*** Opening of Provided records ***

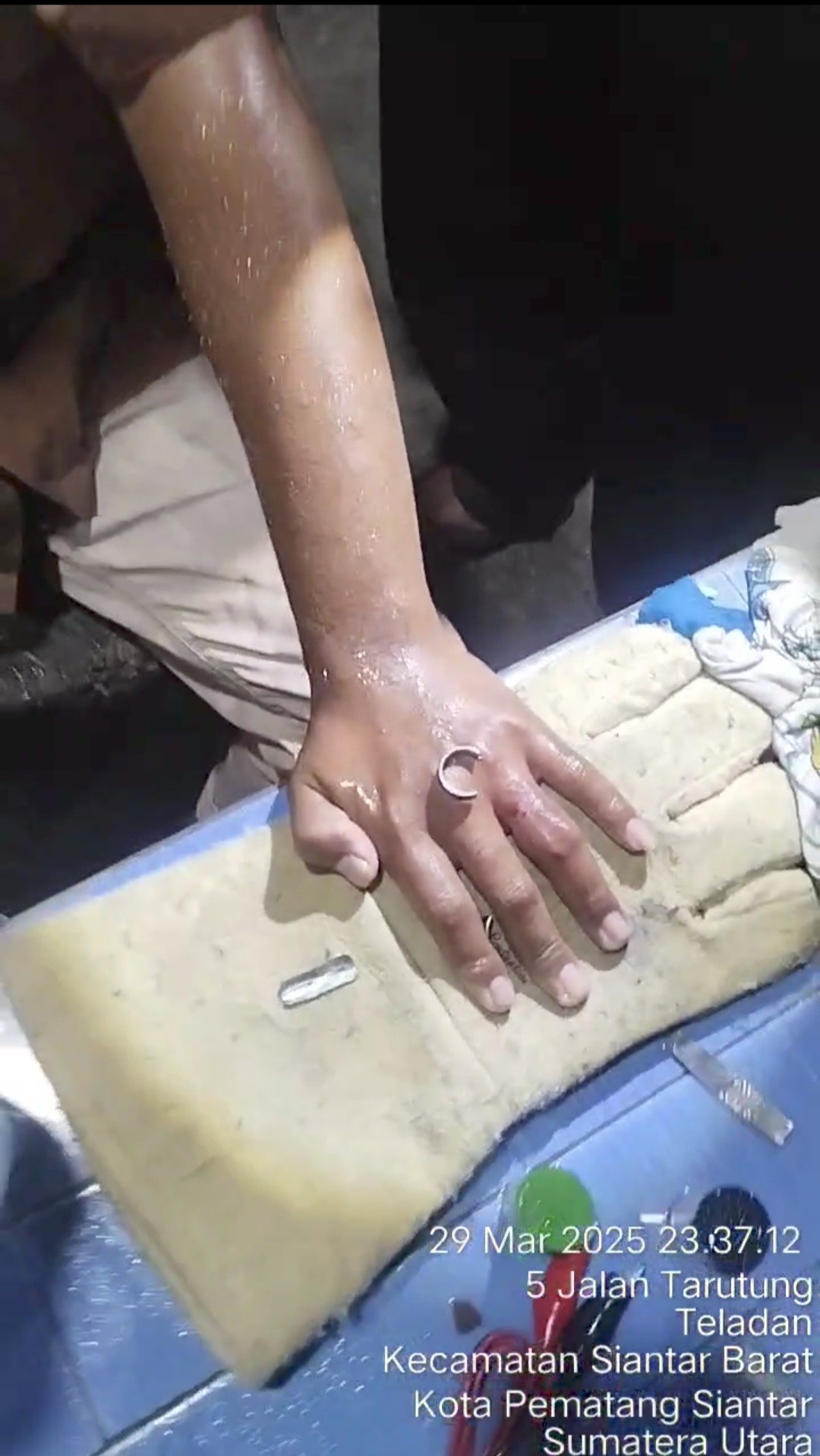 pelepasan cincin dari jari seorang warga yang beralamat tempat tinggal di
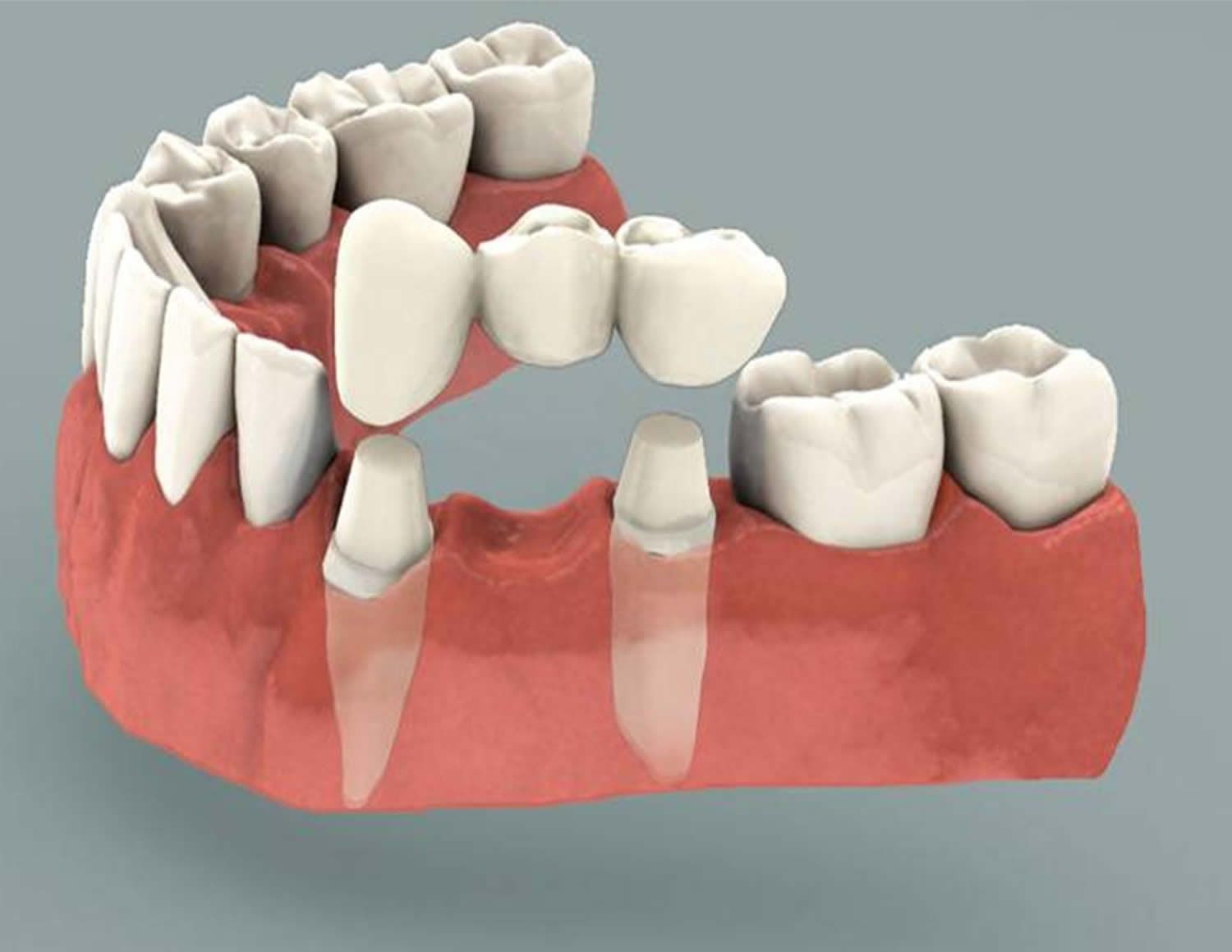 Dental bridge model showing teeth and gums, highlighting the bridge's components.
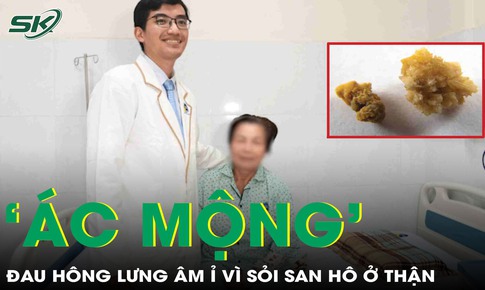 Giải thoát người phụ nữ khỏi 'ác mộng' đau hông lưng âm ỉ vì sỏi san hô ở thận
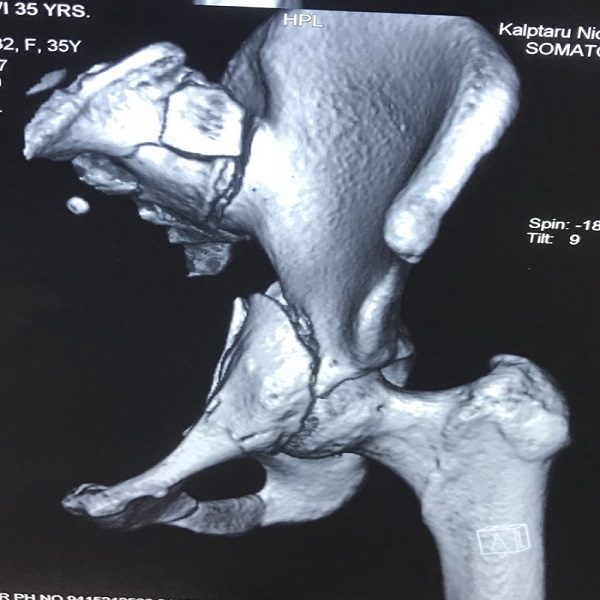 pelvic-acetabular-fracture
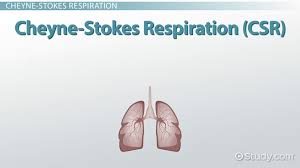 Image result for Cheyne-Stokes Respiration
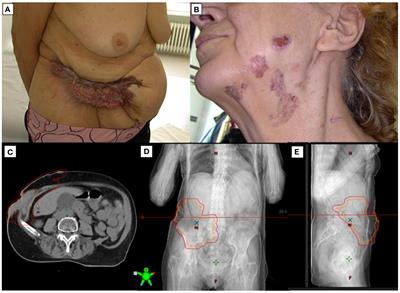 Case report: Sequential treatment strategy for advanced basal cell carcinoma in Gorlin-Goltz syndrome: integration of vismodegib, radiotherapy, surgery, and high-intensity focused ultrasound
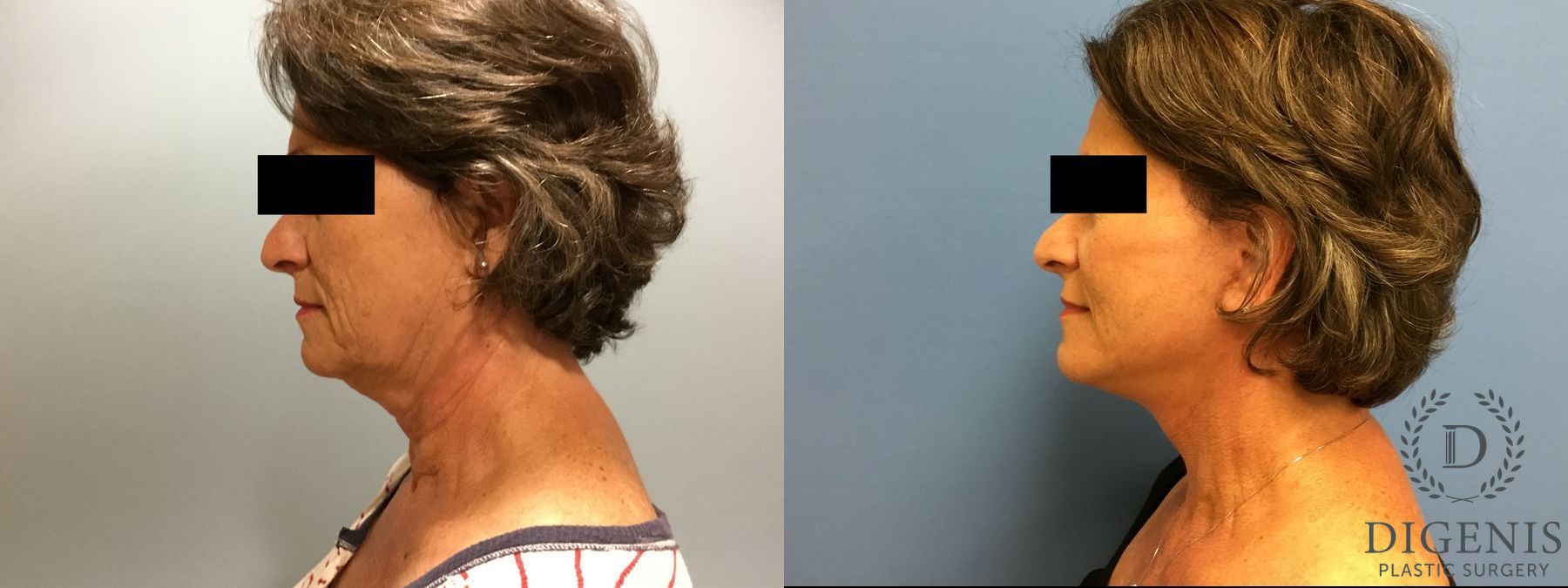 Before and after Face Lift/Neck Lift case 34987 - Angle 5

*** Close of Provided records ***

◆ **What the exercise asks**: Starting with the line that contains "Case report: Sequential", print every remaining line of the records above, exactly as it stands. Do not print the pictures.

◆ **Solution to this problem**:
 Case report: Sequential treatment strategy for advanced basal cell carcinoma in Gorlin-Goltz syndrome: integration of vismodegib, radiotherapy, surgery, and high-intensity focused ultrasound
 Before and after Face Lift/Neck Lift case 34987 - Angle 5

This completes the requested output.